Exercise aim => In the material below, begin at the line that has "NICO NERINI Men", stop after the line that has "You Mean The", and transcribe those lines exactly, without pictures.
• • • • •
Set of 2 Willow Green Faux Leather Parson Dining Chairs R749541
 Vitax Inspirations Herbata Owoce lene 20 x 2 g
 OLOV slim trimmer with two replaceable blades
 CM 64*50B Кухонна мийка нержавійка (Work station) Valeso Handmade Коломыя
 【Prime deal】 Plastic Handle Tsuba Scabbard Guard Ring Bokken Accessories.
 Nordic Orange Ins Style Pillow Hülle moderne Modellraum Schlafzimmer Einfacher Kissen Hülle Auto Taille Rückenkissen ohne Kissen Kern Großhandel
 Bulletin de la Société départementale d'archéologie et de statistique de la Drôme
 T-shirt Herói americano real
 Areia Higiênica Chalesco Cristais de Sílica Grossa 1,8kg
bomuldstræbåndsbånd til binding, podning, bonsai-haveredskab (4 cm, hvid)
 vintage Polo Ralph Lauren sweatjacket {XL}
• • • • •
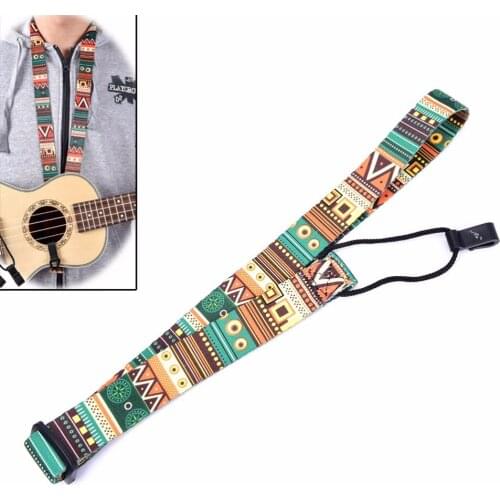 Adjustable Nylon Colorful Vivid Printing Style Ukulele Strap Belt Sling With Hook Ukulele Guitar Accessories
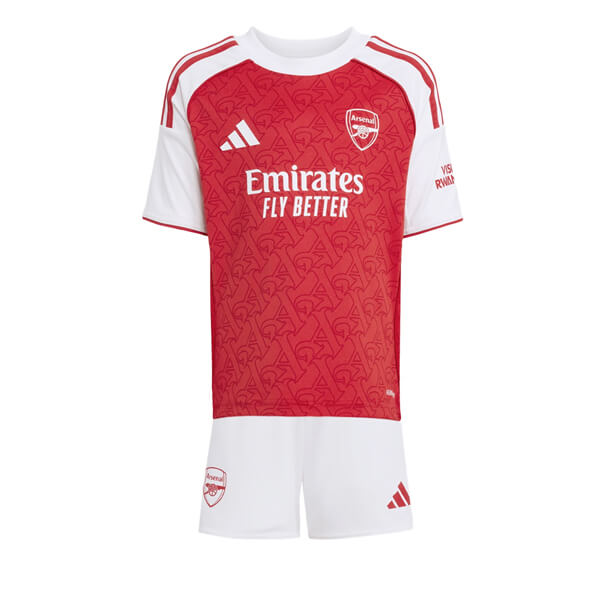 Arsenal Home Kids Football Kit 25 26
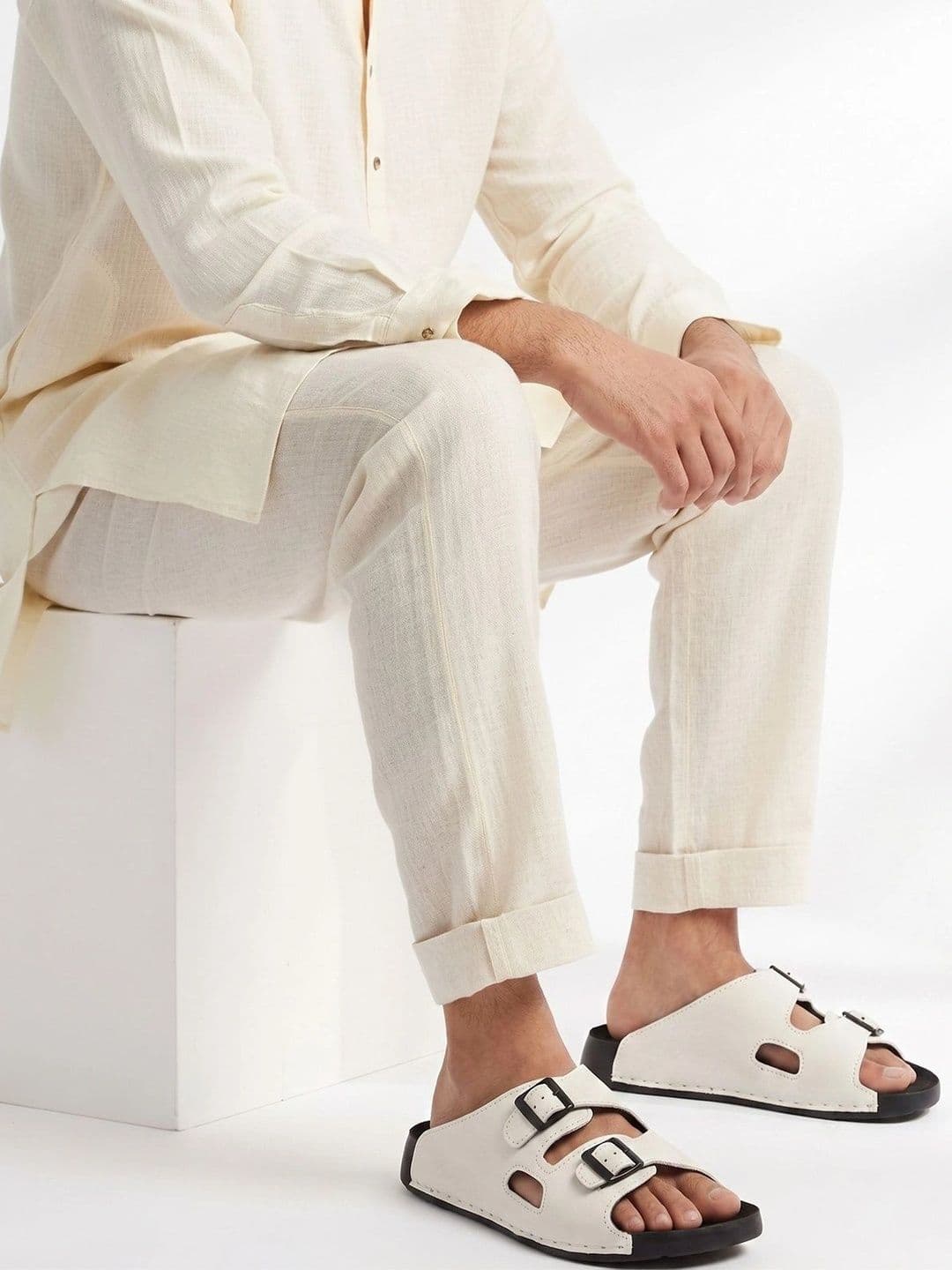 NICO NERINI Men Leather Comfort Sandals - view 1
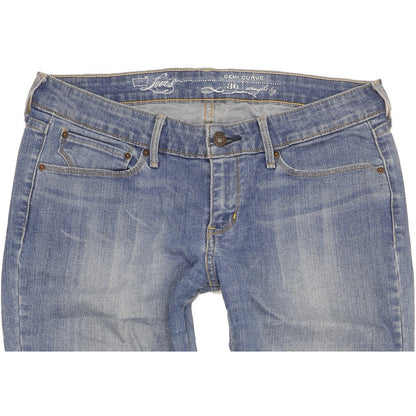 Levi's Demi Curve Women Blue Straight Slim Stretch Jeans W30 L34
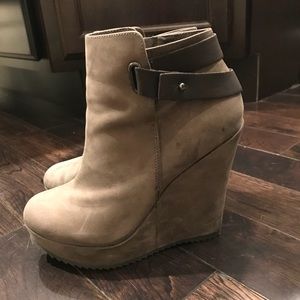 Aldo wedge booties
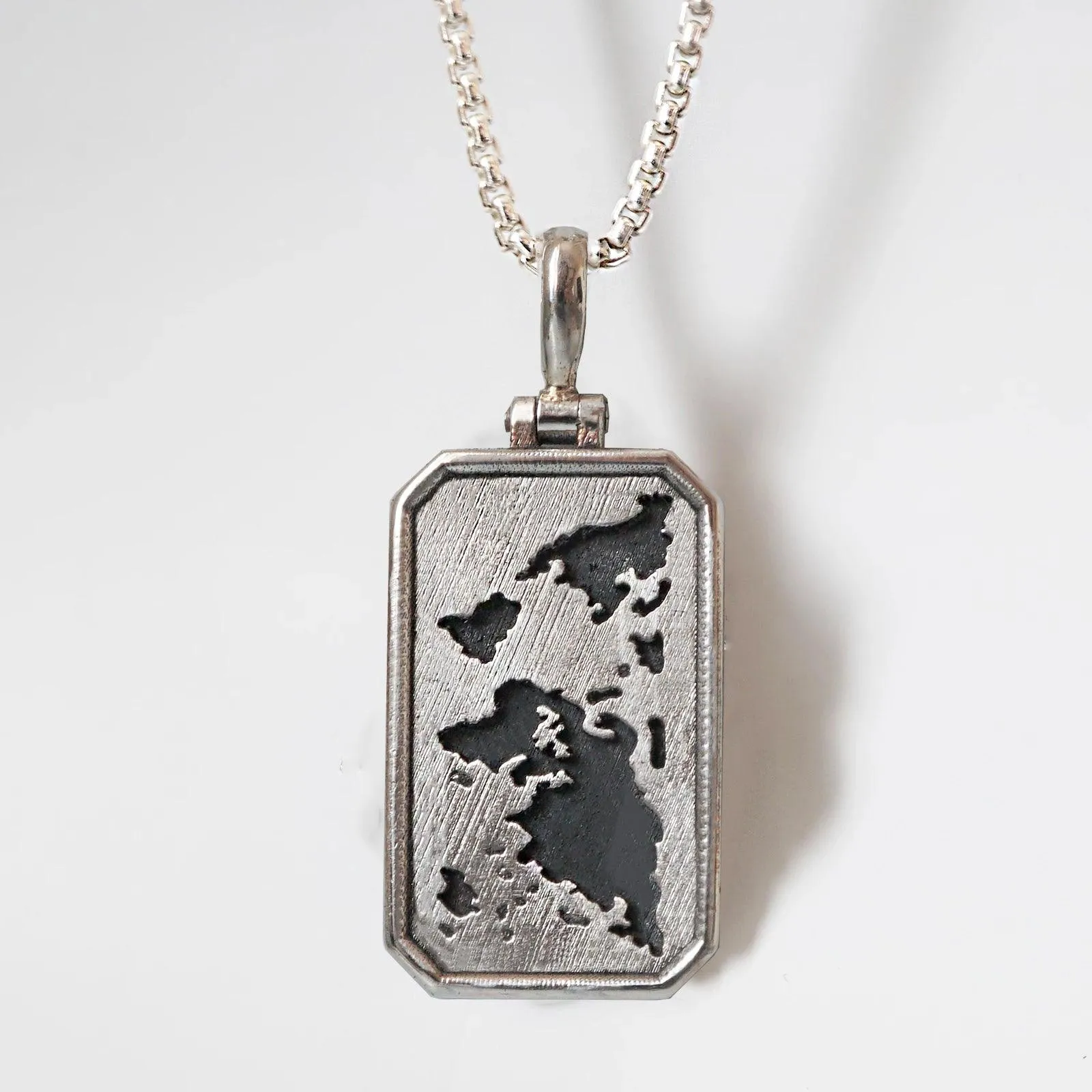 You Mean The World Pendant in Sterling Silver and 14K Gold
• • • • •
Answer to the problem =>
 NICO NERINI Men Leather Comfort Sandals - view 1
 Levi's Demi Curve Women Blue Straight Slim Stretch Jeans W30 L34
 Aldo wedge booties
 You Mean The World Pendant in Sterling Silver and 14K Gold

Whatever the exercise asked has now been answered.